Dans les écoles, des enseignants refusent même l’intervention des hibakusha, surtout lorsqu’ils évoquent la catastrophe de Fukushima ou critiquent la relance des centrales. Leurs récits, répétés mille fois, semblent lasser.
Pour contrer cette disparition de la mémoire, des survivants forment des « successeurs » chargés de transmettre leur histoire. Après trois ans de formation, ces témoins apprennent à relater les faits, mais aussi la douleur, la peur, et l’humanité de ceux qui ont vécu l’indicible.
Le pacifisme remis en question
Face aux tensions mondiales et à la guerre en Ukraine, le Japon revoit sa politique de défense. Le gouvernement envisage de doubler ses capacités militaires et de modifier l’article 9 de la Constitution, qui interdit tout recours à la guerre.

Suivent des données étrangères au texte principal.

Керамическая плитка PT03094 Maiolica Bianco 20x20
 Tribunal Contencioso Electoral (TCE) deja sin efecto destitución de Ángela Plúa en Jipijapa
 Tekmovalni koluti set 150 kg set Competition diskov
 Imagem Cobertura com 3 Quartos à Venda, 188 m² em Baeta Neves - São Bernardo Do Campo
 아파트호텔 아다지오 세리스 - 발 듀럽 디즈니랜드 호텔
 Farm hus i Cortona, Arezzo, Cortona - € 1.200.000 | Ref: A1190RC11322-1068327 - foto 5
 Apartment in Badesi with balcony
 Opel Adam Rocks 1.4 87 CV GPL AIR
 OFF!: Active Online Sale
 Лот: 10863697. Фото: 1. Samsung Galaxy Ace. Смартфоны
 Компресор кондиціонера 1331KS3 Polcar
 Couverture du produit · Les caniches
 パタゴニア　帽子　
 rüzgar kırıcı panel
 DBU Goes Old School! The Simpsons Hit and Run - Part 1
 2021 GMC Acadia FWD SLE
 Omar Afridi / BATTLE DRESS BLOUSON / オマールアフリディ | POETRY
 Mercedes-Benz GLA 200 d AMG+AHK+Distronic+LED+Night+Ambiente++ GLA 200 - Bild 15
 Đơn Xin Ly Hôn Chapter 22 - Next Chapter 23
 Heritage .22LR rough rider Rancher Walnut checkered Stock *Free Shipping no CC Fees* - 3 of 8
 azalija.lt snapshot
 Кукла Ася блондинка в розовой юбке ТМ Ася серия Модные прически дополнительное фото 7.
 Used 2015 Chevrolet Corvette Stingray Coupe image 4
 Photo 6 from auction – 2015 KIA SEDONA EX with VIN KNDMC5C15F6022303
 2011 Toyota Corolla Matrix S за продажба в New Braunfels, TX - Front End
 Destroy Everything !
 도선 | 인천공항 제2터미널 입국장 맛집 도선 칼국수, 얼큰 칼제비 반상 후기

À Hiroshima, cette volonté passe mal. Chaque été, lors des commémorations, le maire de la ville critique publiquement Tokyo pour son éloignement du pacifisme. Il reproche aussi au gouvernement de ne pas signer le traité de l’ONU sur l’interdiction des armes nucléaires, adopté en 2017 grâce au combat des hibakusha. Le Japon, protégé par le parapluie nucléaire américain, refuse toujours de s’y engager.
L’art, exutoire d’une mémoire collective
La bombe atomique a profondément influencé la culture japonaise. En 1954, Godzilla, monstre réveillé par des essais nucléaires, apparaît au cinéma et symbolise la peur de l’atome. Des spectateurs quittent la salle en larmes.
Dans les années 1960, le théâtre butô, avec ses corps couverts de cendres, exprime le traumatisme à travers une gestuelle inédite. La douleur devient art. Les mangas et animés, comme Evangelion, reprennent ces thèmes. Pluie noire, roman de Masuji Ibuse publié en 1965, aborde les discriminations subies par les irradiés. Une « littérature de la bombe » émerge, mêlant témoignage, mémoire et résilience.
Transmettre pour ne pas oublier
Alors que les hibakusha disparaissent peu à peu, leur combat continue à travers leurs héritiers. L’art, la littérature et l’éducation restent les derniers remparts contre l’oubli. À Hiroshima et Nagasaki, on le sait : se souvenir, c’est résister.